Kenyataan sejarah menunjukkan (terutama setelah masa keemasan Islam dan umat Islam sudah memasuki masa kemundurannya) bahwa pendekatan studi Islam yang mendominasi kalangan umat Islam lebih cenderung bersifat subjektif, apologi, dan doktriner, serta menutup diri terhadap pendekatan yang dilakukan orang luar yang bersifat objektif dan rasional. Dengan pendekatan yang bersifat subjektif apologi dan doktriner tersebut, ajaran agama Islam yang bersumber dari Al-Qur’an dan Hadits yang pada dasarnya bersifat rasional dan adaptif terhadap tuntutan perkembangan zaman telah berkembang menjadi ajaran-ajaran yang baku dan kaku serta tabu terhadap sentuhan-sentuhan rasional, tuntutan perubahan, dan perkembangan zaman. Bahkan kehidupan serta keagamaan serta budaya umat Islam terkesan mandek, membeku dan ketinggalan zaman. Ironisnya, keadaan yang demikian inilah yang menjadi sasaran objek studi dari kaum orientalis dalam studi keislamannya.[4]
Dengan adanya kontak budaya modern dengan budaya Islam, mendorong para Ulama’ tersebut untuk bersikap objektif dan terbuka terhadap pandangan luar yang pada gilirannya pendekatan ilmiah yang bersifat rasional dan objektif pun memasuki dunia Islam, termasuk pula dalam studi keislaman di kalangan umat Islam sendiri. Maka, dengan menampilkan kajian yang objektif dan ilmiah, maka ajaran-ajaran Islam yang diklaim sebagai ajaran universal bisa menjadi berkembang dan menjadi sangat relevan dan dibutuhkan oleh umat Islam serta betul-betul mampu menjawab tantangan zaman

2.     Islam Sebagai Objek Kajian
Dari fenomena sosial yang terjadi di dalam masyarakat, Islam memang menarik untuk dijadikan sebagai objek kajian dan dalam mengkaji Islam, tentu kita harus berpedoman pada dua sumber otentiknya yakni Alquran dan hadis.

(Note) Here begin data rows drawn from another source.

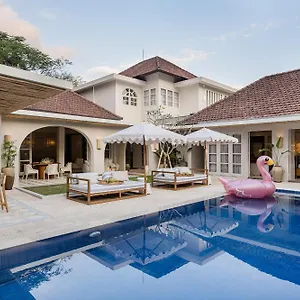 https://akara-villa.ubudhotelsnow.com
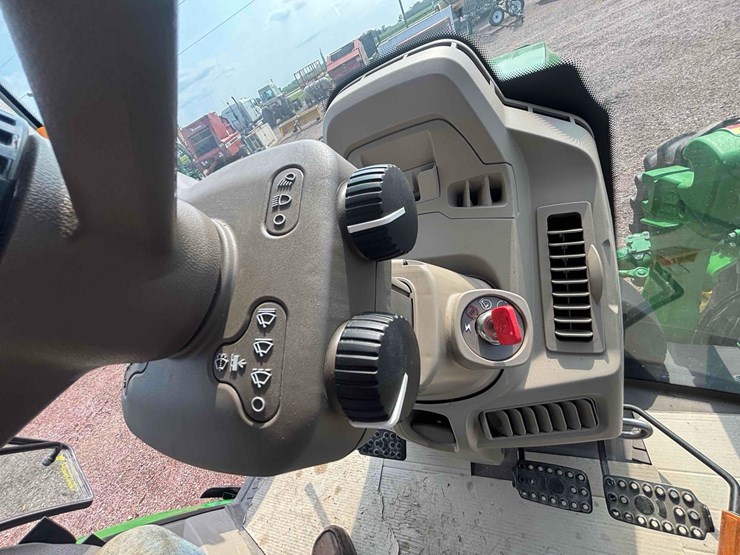 2023-john-deere-6130m-image-16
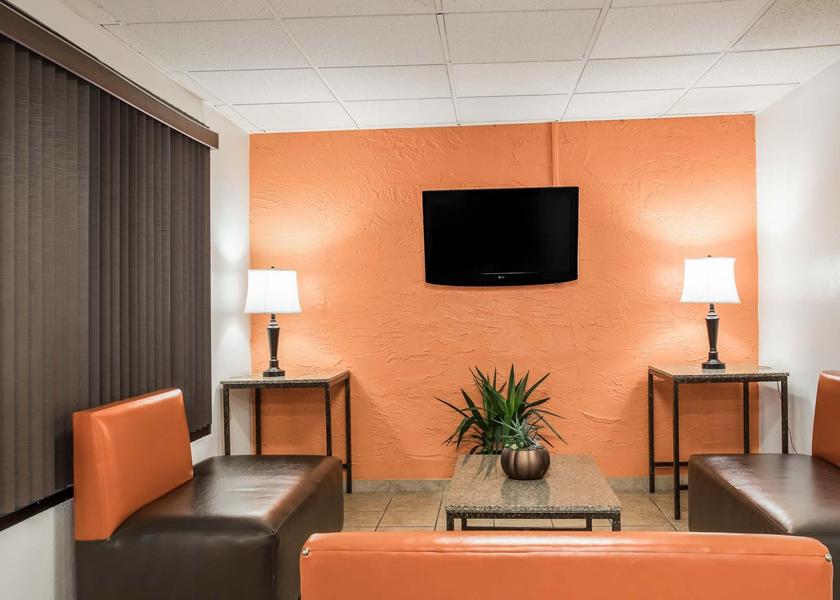 Illinois Naperville lobby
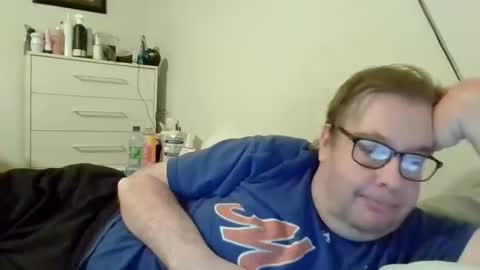 Snapshot of garyg930 chatting on January 13, 3:45 am Gary online show from January 13, 3:45 am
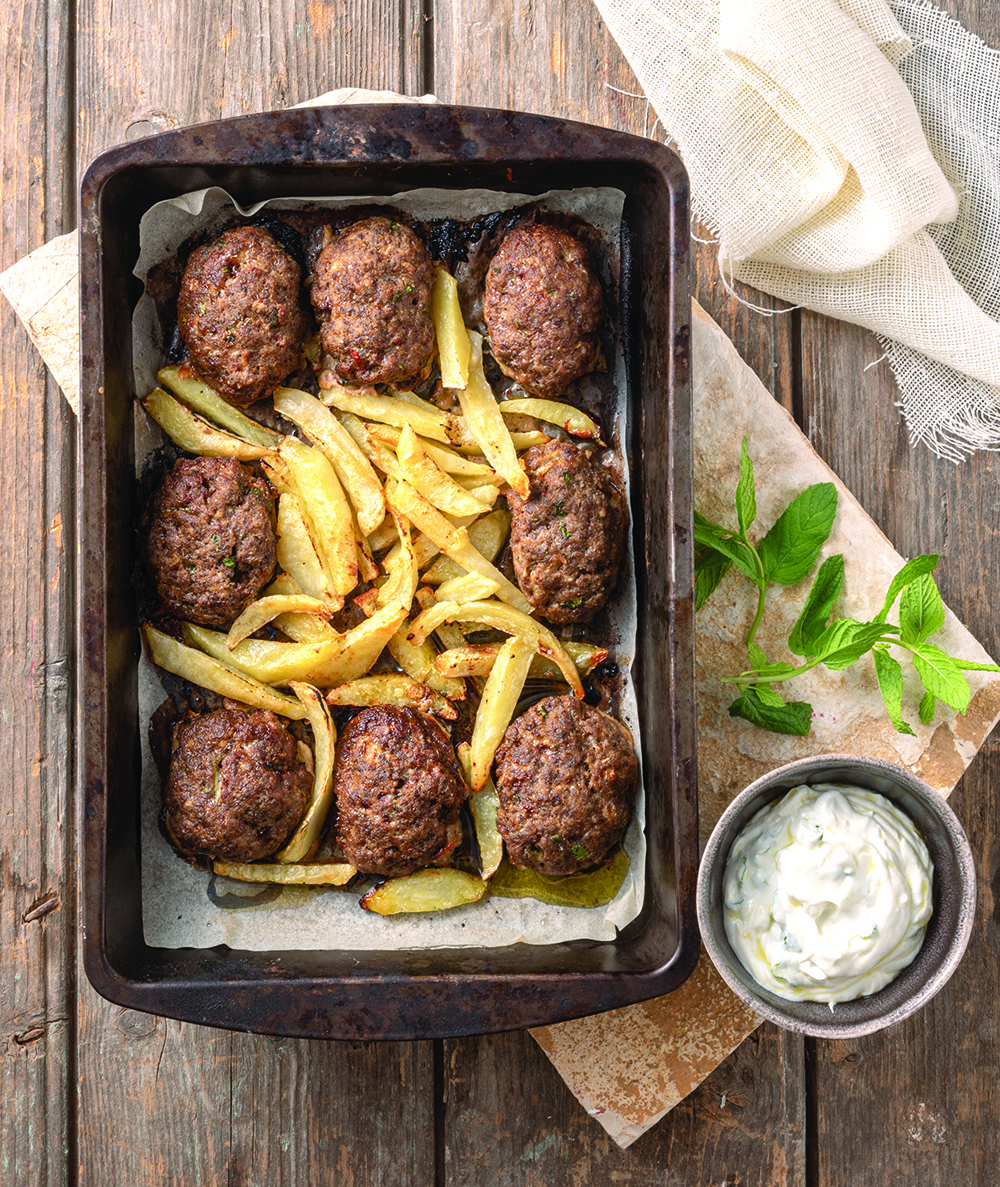 tiganites patates me mbiftekakia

Orang yang memeluk Agama Islam, yang disebut muslim adalah orang yang bergerak menuju ketingkat eksistensi yang lebih tinggi. Demikian yang tergambar dalam konotasi yang melekat dalam kata Islam apabila kita melakukan suatu kajian tentang arti Islam itu sendiri.
Untuk memecahkan masalah yang timbul dalam masyarakat, maka seorang muslim mengadakan suatu penafsiran terhadap Alquran dan hadis sehingga timbulah pemikiran Islam, baik yang bersifat tekstual maupun kontekstual. Islam sebagai agama, pemikiran atau penafsiran Alquran dan hadis, juga sebagai objek kajian, sebuah sistem yang hidup dan dinamis. Sistem ini meliputi sebuah matriks mengenai nilai dan konsep yang abadi. Hidup dan realistis sehingga memberikan karakter yang unik bagi peradaban. Karena Islam merupakan suatu sistem total, maka nilai dan konsep ini menyerap setiap aspek kehidupan manusia.
Islam sebagai agama teologis juga merupakan agama pengetahuan yang melahirkan beragan pemikiran, lahirnya pemikiran ini memberi indiksi yang kuat bahwa pada dataran pemahaman dan aktualisasi nilai Islam merupakan suatu wujud keterlibatan manusia dalam Islam, dan bukan berarti mereduksi atau mentransformasikan doktrin esensialnya. Bukankah dalam Islam telah memotivasi pelibatan akal pikiran untuk dikenali, diketahui dan diimplementasikan ajarannya. Ajarannya yang berbentuk universal hanya bisa ditangkap dalam bentuk nilai, sehingga ketika ia turun dan jatuh ke tangan manusia, ia baru menjadi bentuk.[5]  
Jadi, ketika pemikiran hendak masuk dalam wilayah Islam untuk dikaji dengan beragam intensi dan motif, sudut pandang atau perspektif, metodologi dan berbagai aspeknya, maka dalam proses dan bentuknya kemudian, Islam dapat dipandang sebagai pemikiran. Islam yang ditunjuk di sini tentu bukan saja apa yang terdapat dalam Al-Quran dan Hadis (tekstual dan skriptual) tetapi mencakup juga Islam yang berupa pemahaan dan pengejawantahan nilai-nilainya
Islam berbentuk nilai-nilai,  jika pemikiran (akal pikiran) dilibatkan dalam proses memahami dan mengaktualisasikannya dalan senarai sejarah Pemikiran Islam terpotret bagaimana pemikiran peminat studi Islam memberi andil kreatif dan signifikan terhadap bangunan pemahaman ajaran Islam dalam berbagai dimensinya yang melahirkan berbagai jenis pengetahuan Islam (ulumul Islam) seperti teologis, filsafat Islam, ulumul Qur’an dan hadis, ilmu-ilmu syariah dan sebagainya.[6]
Jadi, mengkaji Islam sebagai pemikiran berarti mempelajari apa yang dipahami oleh pemikir-pemikir yang telah mengkaji ajaran-ajaran Islam yang melahirkan bentuk pemahaman atau kajian tertentu.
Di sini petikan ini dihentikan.